A Survey of High-Performance Interconnection Networks in High-Performance Computer Systems
Round 1
Reviewer 1 Report
Summary:
The paper begins with a survey on the network topologies used in the current Top500 supercomputer list. Following the survey there is a discussion of the challenges going forward when trying to further improve performance and some speculation on how those challenges could be addressed. I found the survey part very interesting, especially as a reader that is not that familiar with the interconnect technologies being used. This is the stronger part of the paper. It is based on data that has been collected and then summarized. The speculation on how to address the challenges is weak and largely lacks any concrete basis.
Overall, I like the structure and idea of this paper. However, it needs improvement as suggested in the detailed comments below. The remainder of this review will address the two parts of the paper separately.
Survey:
The survey portion was the most interesting to me because I am not an HPC person, but I have been interested to learn about what current HPC systems use for their interconnect. The information presented was helpful but still left me with several questions and I think the presentation could be organized much better. I thought that Figure 2 was very informative and a nice way to present that information.
I would like to see you address the following questions more precisely. I think this would help someone like me get much more out of this paper.
One of the questions I have always had is how much these interconnects use very customized hardware versus using more commodity components. By commodity, I mean, for example, Ethernet and Infiniband where I believe you could purchase such components from possibly several vendors and they would be compatible and interchangeable. This is versus what I understand from your paper for an interconnect such as Slingshot. Even with Slingshot, I understand that it has some compatibility with Ethernet. What about for systems such as Fugaku? You do not mention Ethernet, so I'm assuming there is no compatibility. Another way to think of this is whether custom/proprietary chips are used, especially in the switches.
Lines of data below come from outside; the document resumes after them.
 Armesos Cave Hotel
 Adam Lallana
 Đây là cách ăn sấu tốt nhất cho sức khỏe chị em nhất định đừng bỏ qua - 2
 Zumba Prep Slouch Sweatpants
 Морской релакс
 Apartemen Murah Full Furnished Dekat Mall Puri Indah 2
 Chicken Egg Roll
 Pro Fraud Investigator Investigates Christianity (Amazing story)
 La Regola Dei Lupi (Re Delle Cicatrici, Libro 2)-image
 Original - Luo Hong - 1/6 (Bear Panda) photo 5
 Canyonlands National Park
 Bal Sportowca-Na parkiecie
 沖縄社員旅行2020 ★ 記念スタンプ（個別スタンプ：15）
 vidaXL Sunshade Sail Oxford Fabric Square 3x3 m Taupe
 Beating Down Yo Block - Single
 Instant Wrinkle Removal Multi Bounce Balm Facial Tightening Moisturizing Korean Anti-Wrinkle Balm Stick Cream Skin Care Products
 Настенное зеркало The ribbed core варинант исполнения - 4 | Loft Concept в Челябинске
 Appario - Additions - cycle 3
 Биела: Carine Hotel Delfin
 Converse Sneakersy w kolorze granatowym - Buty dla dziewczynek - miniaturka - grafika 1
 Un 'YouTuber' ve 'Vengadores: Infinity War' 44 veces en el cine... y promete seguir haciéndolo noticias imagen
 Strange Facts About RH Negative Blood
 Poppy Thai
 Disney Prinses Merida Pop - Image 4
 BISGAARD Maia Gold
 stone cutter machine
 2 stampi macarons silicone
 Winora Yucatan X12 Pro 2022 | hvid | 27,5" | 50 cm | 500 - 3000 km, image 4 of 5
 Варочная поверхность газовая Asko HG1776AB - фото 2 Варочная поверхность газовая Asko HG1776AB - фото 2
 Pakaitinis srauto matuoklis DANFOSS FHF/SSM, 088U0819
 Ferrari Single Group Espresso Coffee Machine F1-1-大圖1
Another question is what kind of protocols are used in the network. I guess you would say an Infiniband network uses Infiniband, but an Ethernet network could use some form of TCP (standard or modified?), UDP, or some other protocol running on top of Ethernet. Can you make some comparison about the properties of the protocols? What kind of latencies do they have for small or large transfers? Or, or they intended specifically for small or large transfers? Characterizations like this would be interesting and possibly identify other opportunities for improvements.
How is reliable communications handled?
What is the available bandwidth? This could include both the raw network bandwidth and the effective bandwidth once all overheads, including software, are considered.
Does everyone run MPI on top of these networks without any adaptation required at the application level? Do the interconnects have their own communication protocols that might be more efficient that MPI?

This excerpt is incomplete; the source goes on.